Platelet-activating factor and the release of a platelet-derived coronary artery vasodilator substance in the canine.

Abstract

Platelet-activating factor (acetyl-glyceryl-ether-phosphorylcholine; 1-O-alkyl-2-O-acetyl-sn-glycero-3-phosphorylcholine), which is released by stimulated neutrophils and platelets, possesses the ability to alter vascular tone and permeability and to activate various formed blood elements. We have characterized the hemodynamic effects of intracoronary injections of platelet-activating factor and the influences of pharmacological blockade and platelet depletion on its activity. Intracoronary injections of platelet-activating factor produced maximum increases in left circumflex coronary artery blood flow of 55 +/- 8, 52 +/- 8, and 52 +/- 7 ml/min at 0.5, 1.0, and 2.0 nM, respectively. Only modest changes in systemic arterial blood pressure and regional developed isometric contractile force were associated with the intracoronary artery administration of platelet-activating factor over the range of doses studied. The increase in left circumflex coronary artery blood flow in response to platelet-activating factor was attenuated (44%), but not prevented, by pretreatment with diphenhydramine, (4 mg/kg, iv), and was not affected by pretreatment with aspirin (20 mg/kg, iv) or the systemic administration of the serotonin receptor antagonist, methysergide. The coronary vasodilator response to platelet-activating factor was reduced significantly by the induction of thrombocytopenia (95 +/- 3% platelet depletion) through the administration of sheep-derived canine platelet antiserum. The intracoronary artery injection of platelet-rich plasma activated with platelet-activating factor into thrombocytopenic dogs produced a significantly greater increase in coronary artery blood flow than the injection of either non-activated platelet-rich plasma or platelet-depleted plasma to which platelet-activating factor was added.
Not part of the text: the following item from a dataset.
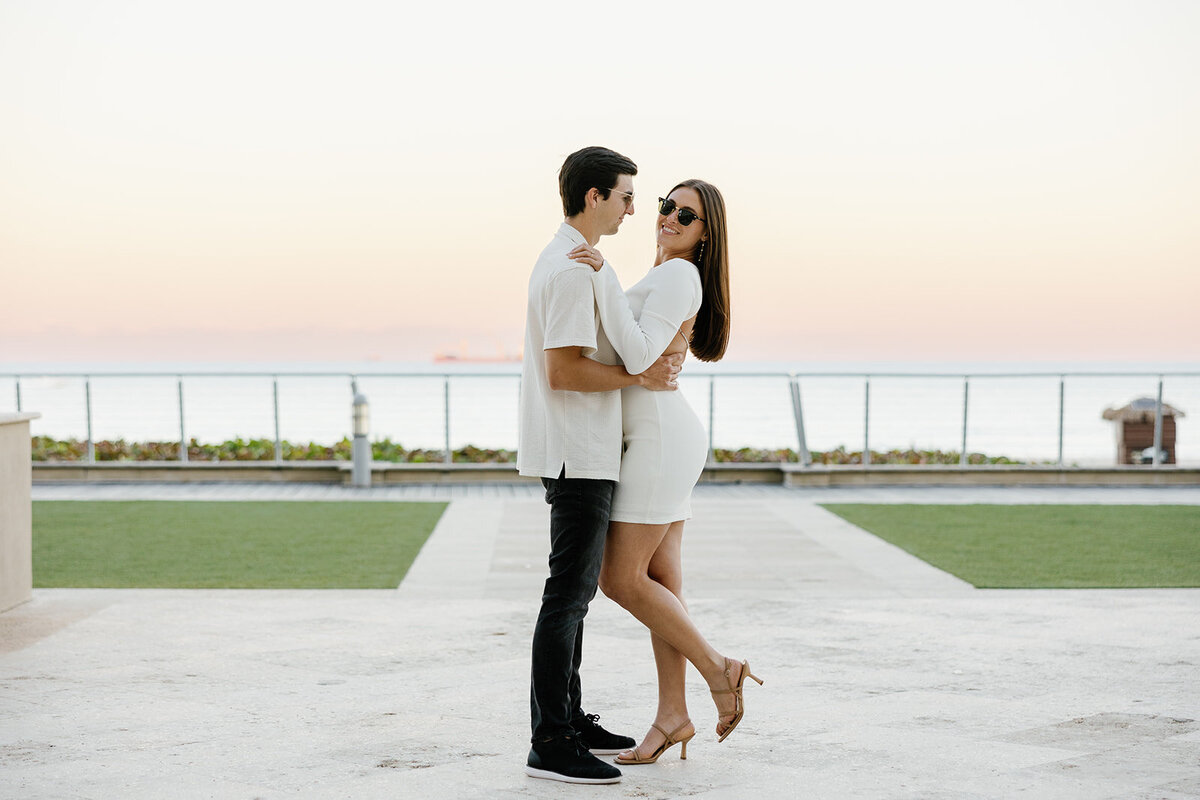 Graysen wraps his arms around Rebecca as they stand on the lush green lawn of Marriott Hotel Fort Lauderdale, savoring the joy of their engagement session with Claudia Amalia Photography.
Similar changes in coronary artery blood flow could be obtained with the intracoronary artery injection of cell-free supernates from washed platelets activated with platelet-activating factor. The observed results suggest that circulating platelets, when exposed to platelet-activating factor, can release a coronary dilator substance, and that the coronary artery dilation is not prevented by pharmacological receptor antagonists for histamine, serotonin, or inhibitors of cyclooxygenase.